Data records

..............................

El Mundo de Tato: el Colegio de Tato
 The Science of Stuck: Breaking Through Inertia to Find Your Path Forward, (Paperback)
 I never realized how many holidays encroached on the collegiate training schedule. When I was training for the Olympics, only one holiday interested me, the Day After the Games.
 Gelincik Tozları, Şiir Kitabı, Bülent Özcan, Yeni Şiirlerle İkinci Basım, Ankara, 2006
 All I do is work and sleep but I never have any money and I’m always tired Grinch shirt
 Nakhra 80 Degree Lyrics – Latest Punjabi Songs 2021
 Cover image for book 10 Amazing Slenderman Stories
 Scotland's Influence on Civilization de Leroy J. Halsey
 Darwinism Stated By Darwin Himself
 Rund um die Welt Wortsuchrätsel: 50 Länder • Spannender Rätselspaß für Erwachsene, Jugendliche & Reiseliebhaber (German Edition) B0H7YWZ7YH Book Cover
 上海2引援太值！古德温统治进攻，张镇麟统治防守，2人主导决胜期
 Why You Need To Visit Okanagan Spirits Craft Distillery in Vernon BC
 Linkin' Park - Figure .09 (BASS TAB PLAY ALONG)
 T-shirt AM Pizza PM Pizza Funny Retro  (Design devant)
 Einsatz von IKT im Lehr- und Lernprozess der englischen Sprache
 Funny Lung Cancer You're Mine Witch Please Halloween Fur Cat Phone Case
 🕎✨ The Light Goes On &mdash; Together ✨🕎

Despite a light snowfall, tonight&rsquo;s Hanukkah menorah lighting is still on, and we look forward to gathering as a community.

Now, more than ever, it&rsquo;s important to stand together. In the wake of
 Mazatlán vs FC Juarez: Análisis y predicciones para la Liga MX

..............................

Above are the entries. Output exactly the lines beginning with the line that has "I never realized" and ending with the line that has "Cover image for".

**Final answer**
 I never realized how many holidays encroached on the collegiate training schedule. When I was training for the Olympics, only one holiday interested me, the Day After the Games.
 Gelincik Tozları, Şiir Kitabı, Bülent Özcan, Yeni Şiirlerle İkinci Basım, Ankara, 2006
 All I do is work and sleep but I never have any money and I’m always tired Grinch shirt
 Nakhra 80 Degree Lyrics – Latest Punjabi Songs 2021
 Cover image for book 10 Amazing Slenderman Stories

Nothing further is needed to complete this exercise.